We appreciate the supportive comments of the review.
Recommendations for the authors:
Reviewer #1 (Recommendations For The Authors):
I don't have any major asks, but a few questions did arise while reading your work.
(1) You refer multiple times to the VSLD pocket as being "open to the cytoplasm". It is not clear if you are implying that compounds such as icilin access the pocket via the cytoplasm (e.g., permeate the membrane to the cytosol, and then enter the binding site?) Is there data to support this? Some clarification here would be helpful, and perhaps explain if there is any distinction between how calcium might enter the VSLD binding site vs hydrophobic compounds like icilin.
This is an excellent point. Our reference to “open to the cytoplasm” was for Ca2+ ions and we have no evidence for how icilin enters the cooling agent binding pocket. We had tried to look for evidence that Ca2+ might trap icilin in TRPM4 but at the end of the day the results were not convincing enough to include in the manuscript. We have added data showing that icilin slows deactivation of TRPM4 after removing Ca2+, which is particularly evident in the A867G mutant, but this doesn’t inform on whether Ca2+ can trap icilin. We have added a statement about not knowing how icilin enters or leaves the cooling agent binding pocket in TRPM channels.
(2) Icilin is referred to as a "cooling compound", but its cooling effects are dependent on its interactions with TRPM8. This might be something to clarify, as it might otherwise be understood that other TRPM channels that interact with icilin also mediate the sensing of cool temperatures.
This is another excellent point and we have no reason to believe that icilin interacting with any TRPM channel other than TRPM8 mediates cooling sensations. We have added a statement to this effect in the discussion when considering actions of icilin that might be mediated by TRPM4 channels.
Reviewer #2 (Recommendations For The Authors):
(1) The title and statements in the results/discussion refer to icilin as a cooling agonist of TRPM4 and binds to a conserved "cooling agonist binding pocket", and the authors suggested a similar role and binding site for icilin in TRPM2 and TRPM5 channel. It is a too broad conclusion that is not fully supported by the current experimental data, which only shows icilin works as a modulator, not an agonist for TRPM4 channel. The authors should change the usage of cooling agonist or conserved cooling agonist binding pocket plus significantly tone down the conclusion of a conserved cooling agonist binding pocket, which is potentially misleading. Alternatively, if the authors insist on using cooling agonist in this context, they should establish the activation of TRPM4, TRPM2, and TRPM5 by icilin as the first step, because the current data only support icilin as a TRPM4 modulator but not an agonist.
We respectfully don’t agree with this opinion.
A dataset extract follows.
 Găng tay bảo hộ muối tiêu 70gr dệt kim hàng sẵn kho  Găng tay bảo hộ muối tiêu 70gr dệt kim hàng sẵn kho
We show broad conservation of the cooling agent binding pocket in structures of many TRPM channels, and we chose one of them to test for a functional relationship. We think that the title accurately reflects the topic of the paper and does not specify the extent to which functional conservation has been demonstrated and we would like to keep it. The distinction between agonist and modulator is not even germane because icilin is not an agonist of TRPM8 either.
(2) The manuscript will be strengthened if the authors test additional cooling compounds of TRPM8, including menthol, the menthol analog WS-12, and C3. More importantly, distinct from icilin, these three compounds do not depend on Ca2+ to activate the TRPM8 channel. Thus when testing these compounds on TRPM4, it may reduce the complication of the role of Ca2+, as TRPM4 channel itself requires Ca2+ for activation.
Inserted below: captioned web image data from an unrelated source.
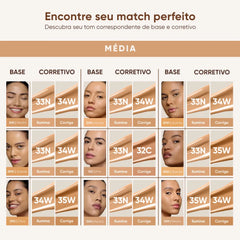 35W Mascavo Soft Blur Corretivo Líquido - 6g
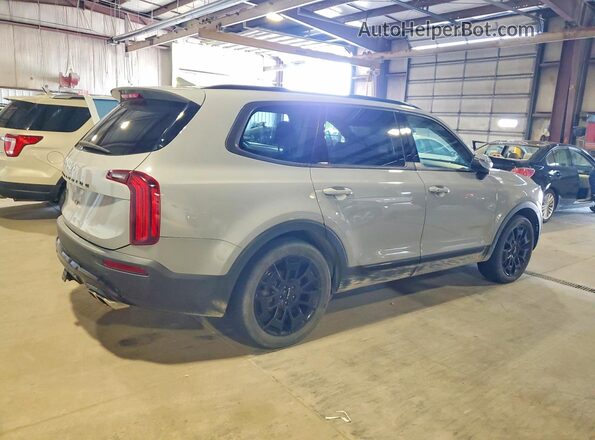 5XYP3DHC2NG233262 2022 KIA TELLURIDE Gray უკანა მარჯვენა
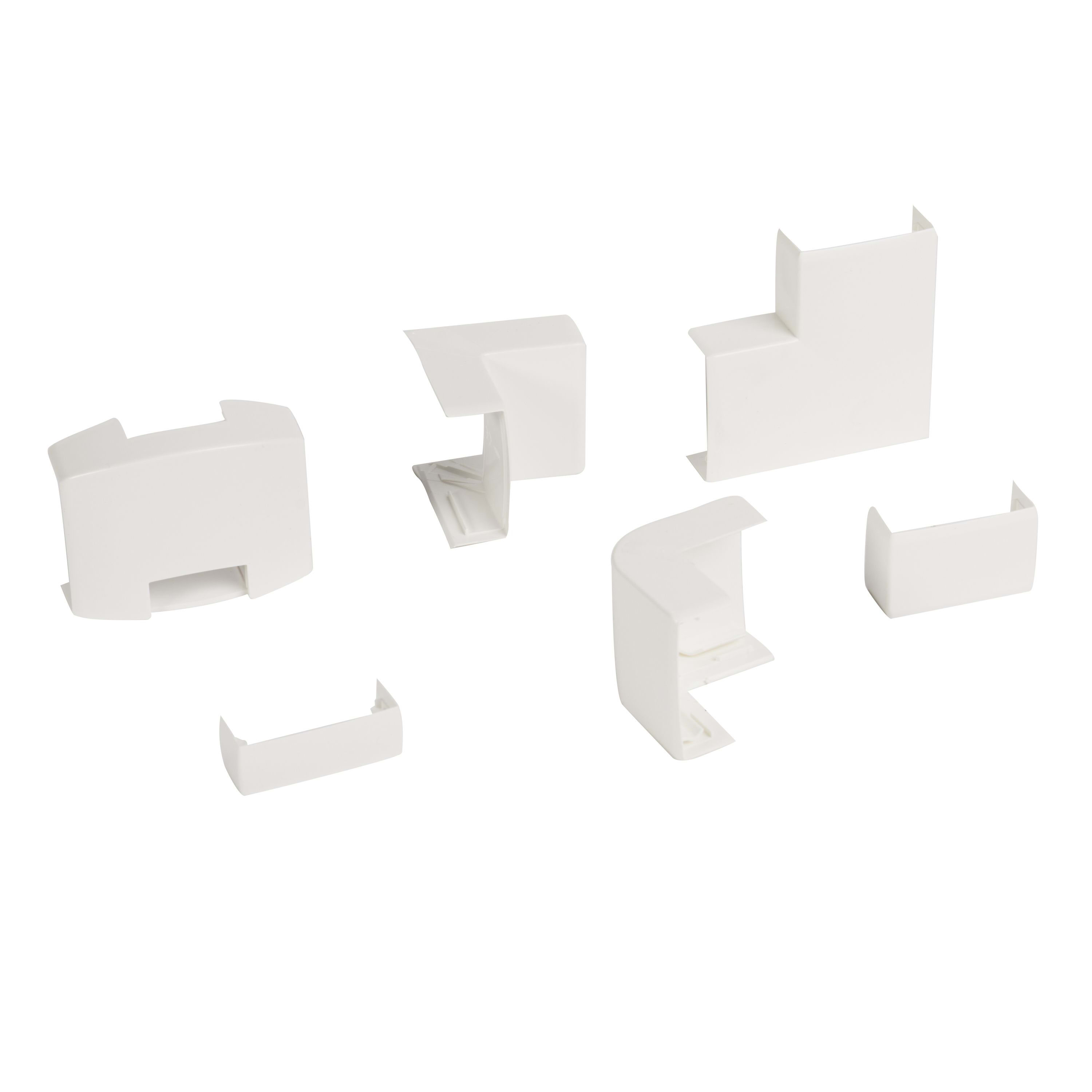 Planet Wattohm - Kit de chantier-Accessoires pour Moulure Keva 50x20mm-Rechargeable selon besoin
We restate our response to this point in the public review…
We would have liked to broaden the scope to other ligands that modulate TRPM8 and we agree that including those data would certainly reinforce our conclusions. However, the first author recently moved on to a new faculty position and extending our findings would require enlisting another member of the lab and taking away from their independent projects. We also do not agree that this is essential to support any of our conclusions. It is also important to keep in mind that icilin is a high-affinity ligand for TRPM8, such that weaker interactions with TRPM4 can still be readily observed. We think it is likely that lower affinity agonists like menthol might not have sufficient affinity to see activity in TRPM4 This scenario is not unlike our earlier experience with TRPV channels where we succeeded in engineering vanilloid sensitivity into TRPV2 and TRPV3 using the high affinity agonist resiniferatoxin (Zhang et al., 2016, eLife). In the case of TRPV2, another group had made the same quadruple mutant and failed to see activation by capsaicin even though resiniferatoxin also worked in their hands (see Fig. 2 in Yang et al., 2016, PNAS).
(3) The manuscript will be strengthened if the authors test additional residues in the S1-S4 pocket that form direct interactions or are within interacting distances with icilin based on the cryo-EM structures.
We restate our response to this point in the public review…
We present clear gain and loss of function for two mutants corresponding to influential residues within the cooling agent binding pocket of TRPM8. We agree that Y786 mutations would have been a valuable addition and our plan was to include mutations of this residue. Unfortunately, both the Y786A and Y786H mutants exhibited rundown, making them challenging to obtain reliable results on their effects on modulation by icilin.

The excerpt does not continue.